I have in the past had this very romantic belief that when you pass a struct by value the compiler will lovingly select the right combination of registers to carefully craft the perfect packing of your arguments, for maximum efficiency. Unfortunately, that is not how reality works. This post is a short introduction to calling conventions with examples.
Here is the code we are going to look at. We’ve got structs, we’ve got functions that take those structs as parameters, and we’ve got functions calling those other functions.
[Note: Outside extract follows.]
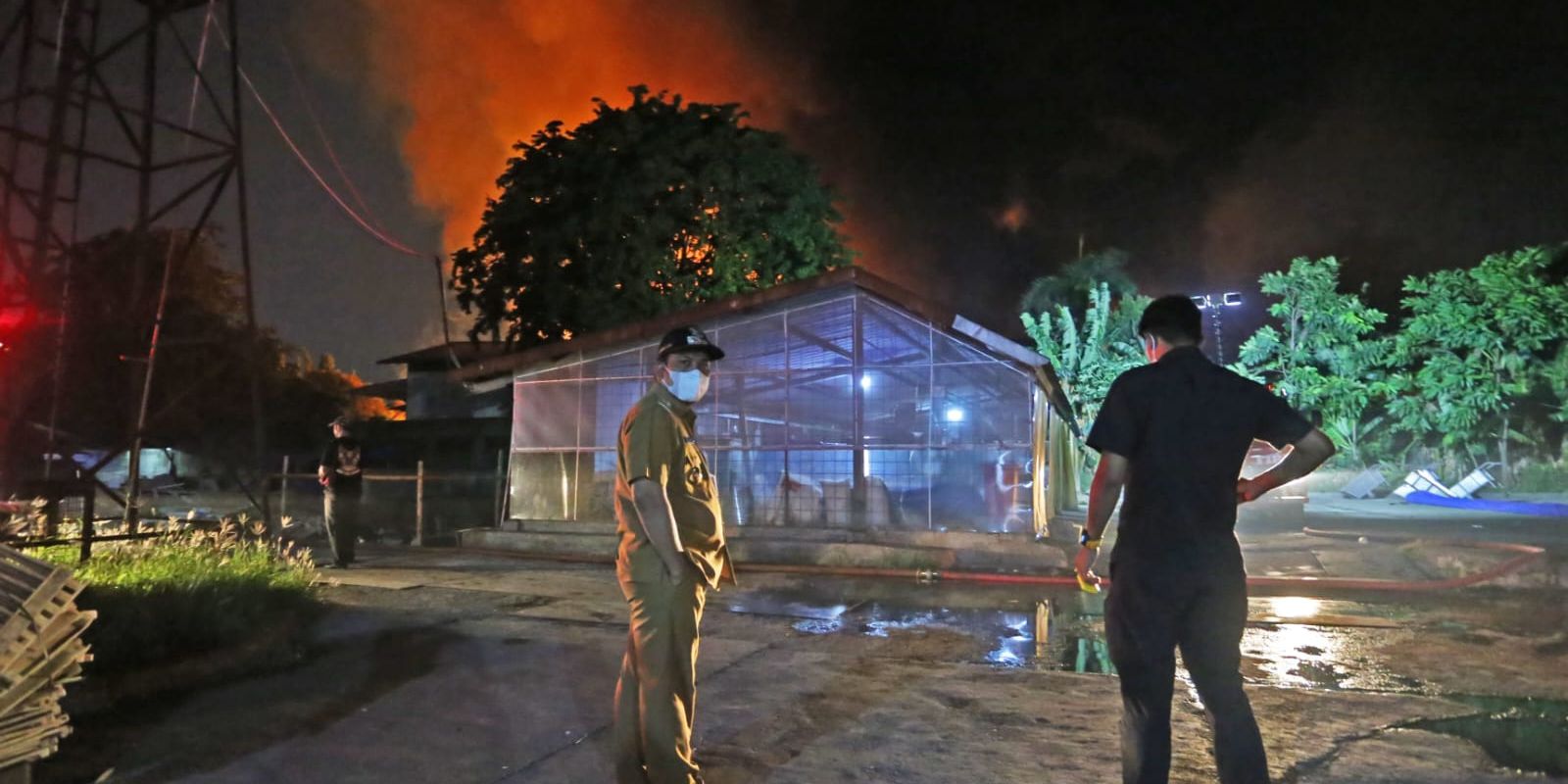 Pj Wali Kota Tangerang Datangi Lokasi Pabrik Kimia Terbakar, Apresiasi Petugas Damkar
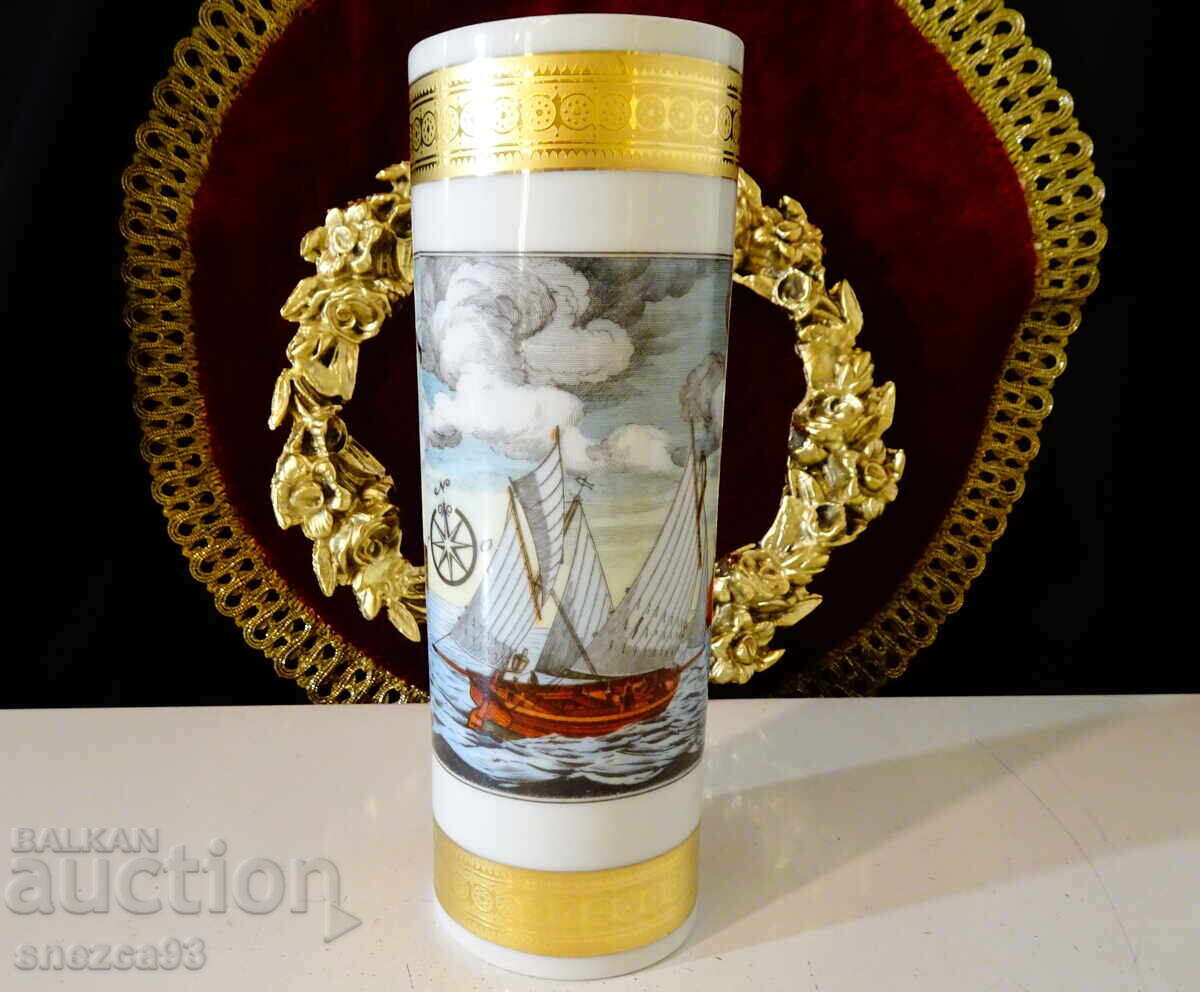 Vază din porțelan, aur, Navă, Insula Helgoland Vază din porțelan, aur, Navă, Insula Helgoland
The only noteworthy thing is that the outer functions (g1
, g4
) also do some work that does not exist in the inner functions, so the compiler actually has to emit a call to the inner functions (instead of just jumping to them):
struct F1 {
float x0;
};
struct F4 {
float x0;
float x1;
float x2;
float x3;
};
void f1(F1);
void f4(F4);
int g1(int x) { f1({}); x++; return x; }
int g4(int x) { f4({}); x++; return x; }
Let’s look at the codegen for both MSVC (19.43) and Clang (20.1.0) using Godbolt (link), both with full optimizations (-O2
, /O3
).
The F1 struct
Before we can look at passing the F4
struct, let’s understand the case of the smaller struct. For g1
on MSVC we find this:
$T1 = 48
int g1(int) PROC
push rbx
sub rsp, 32
xor eax, eax
mov ebx, ecx
mov ecx, eax
mov DWORD PTR $T1[rsp], eax
call void f1(F1)
lea eax, DWORD PTR [rbx+1]
add rsp, 32
pop rbx
ret 0
int g1(int) ENDP
Clang produces this somewhat shorter version:
g1(int):
push rbx
mov ebx, edi
xorps xmm0, xmm0
call f1(F1)@PLT
inc ebx
mov eax, ebx
pop rbx
ret
“Aha! Clang good, MSVC bad”, but no, it is not that simple. What we see here is not so much a difference in the quality of the compiler but the difference in what we are targeting: MSVC assumes we are compiling for x64 Windows, and clang assumes that this is probably some x64 Linux target, and it turns out that how you call a function and pass parameters to them is different between them: The platforms have a different ABI with different “calling conventions” (how you call a function). So just because you can write some sequence of valid machine instructions does not mean that this satisfies all of the assumptions and requirements of the underlying operating system.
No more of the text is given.